GoDaddy was singled out among the list of 150+ companies advocating the passage of SOPA because it was the only major tech company on the list, and users saw the move as a bit of a betrayal to the web at large. In the end, GoDaddy caved, but the damage was done. And the incident wasn’t the first time Reddit has been surprised (pleasantly) by its own might, so it makes sense that riding the high of successful action might inspire the well-trafficked social site to attempt to target bigger, stronger adversaries.
Like Congress. If you pay attention to the convergence of social networks and politics, there’s a very strong vibe right now suggesting that independent voices and web-organized movements are disrupting political media and the election cycle. And who better to pull together loosely-caucused users than Reddit? More bound by common interests than Twitter and Facebook, Reddit is uniquely poised to affect the coming 2012 election by funneling action through an open yet targeted space.

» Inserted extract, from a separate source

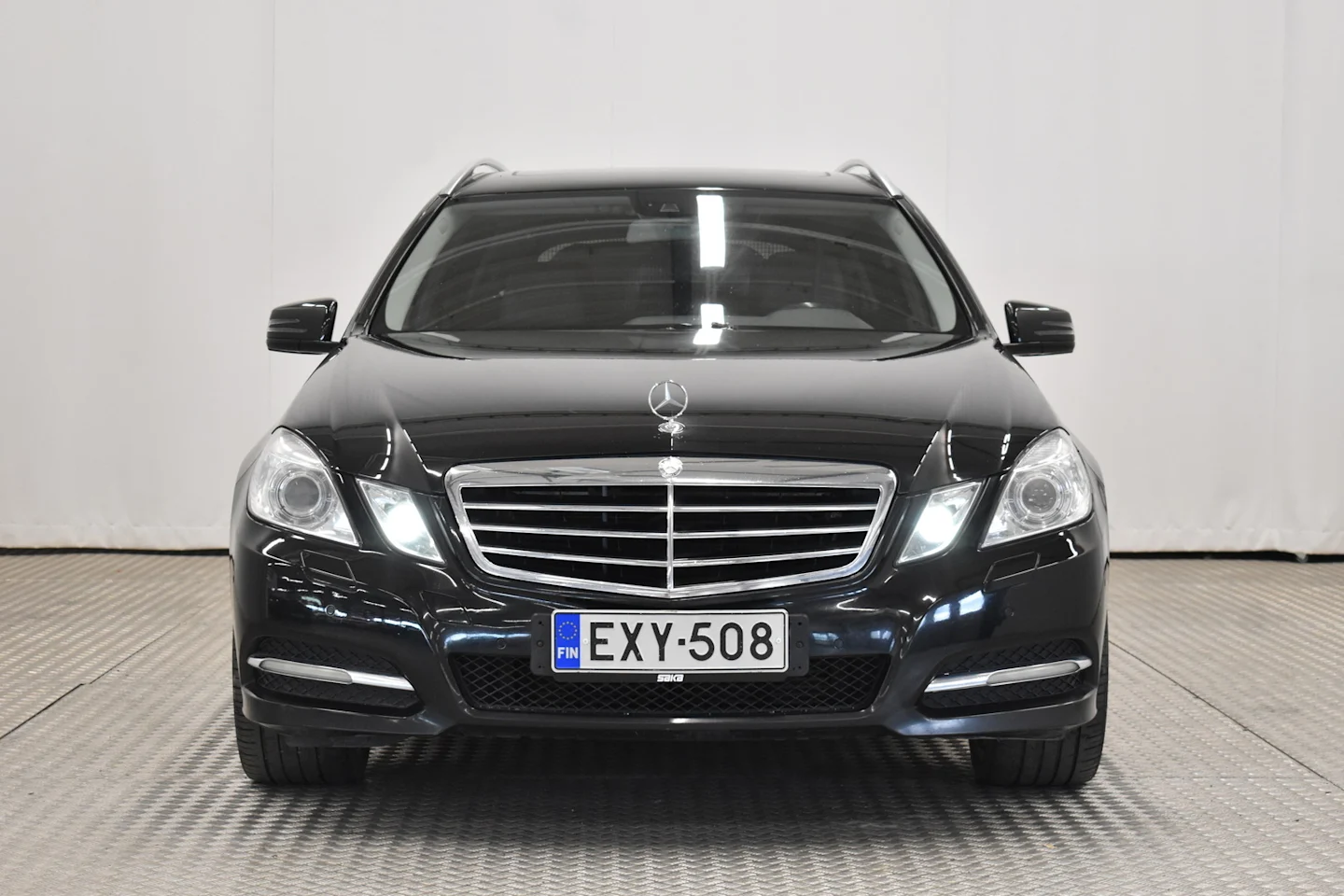Car Image - 7GsNynn5njjkXayuJrk2b6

Unlike Twitter, there are commonalities to herd Redditors together by means more unified than a hashtag. And unlike Facebook, the site is less a closed garden and more an open ball pit where those with like interests congregate.
A post on the popular subreddit r/politics today gained some media attention for what seems to be a first organized effort from users of the site to directly impact a politician. User digitalboy- in an unfortunately poorly worded/spelled post- urges his fellow Redditors:
Let’s pick ONE Senator [who] voted for NDAA/SOPA and destroy him like we’re doing for GoDaddy. Relentlessly investigate and find skeletons in his closet, money bomb [his] opponents, etc… we could unseat someone and destroy their career it would have massive repercussions.
Although reactions have thusfar been mixed in the somewhat polarized r/politics- over 10,000 upvotes and 7,000 downvotes- the post could herald a shift in the direction of the Reddit mob from soliciting and attacking corporate and entertainment targets to political ones that may affect real results. Do you think Reddit could be a game changer for the 2012 elections?